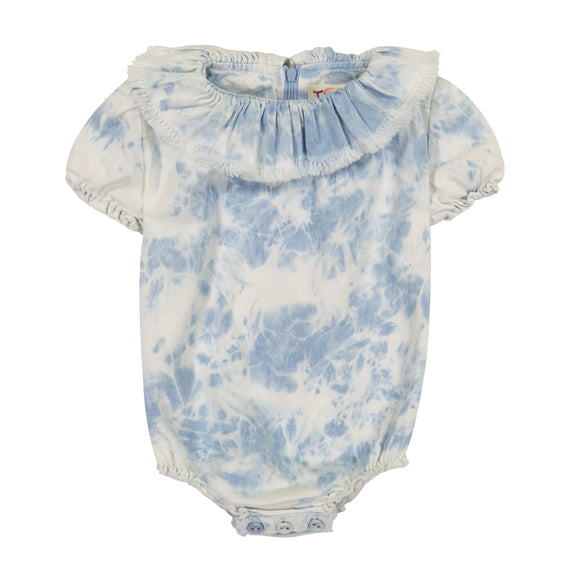 DENIM Baby Girl Fringe Collar Romper - ACID WASH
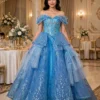 Blue off-shoulder ball gown BG0021 - wholesale | Canan Gowns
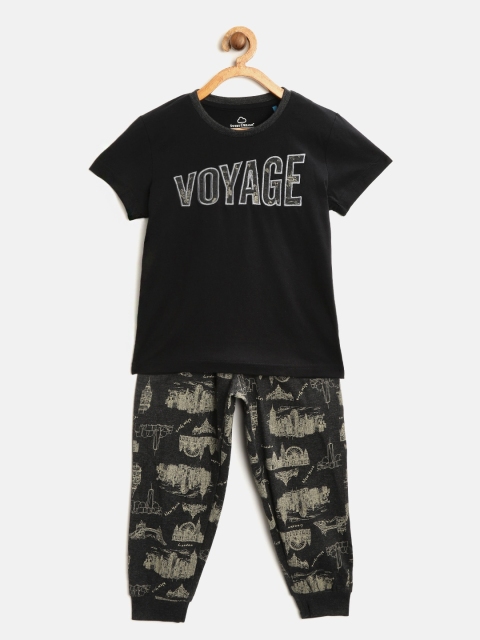 

Sweet Dreams Boys Black & Charcoal Grey Printed Night Suit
● ● ● ● ●
» **WHAT IS BEING ASKED**: Omit the pictures and reproduce the remaining material above exactly.

» **ANSWER BOX**:
 DENIM Baby Girl Fringe Collar Romper - ACID WASH
 Blue off-shoulder ball gown BG0021 - wholesale | Canan Gowns

Sweet Dreams Boys Black & Charcoal Grey Printed Night Suit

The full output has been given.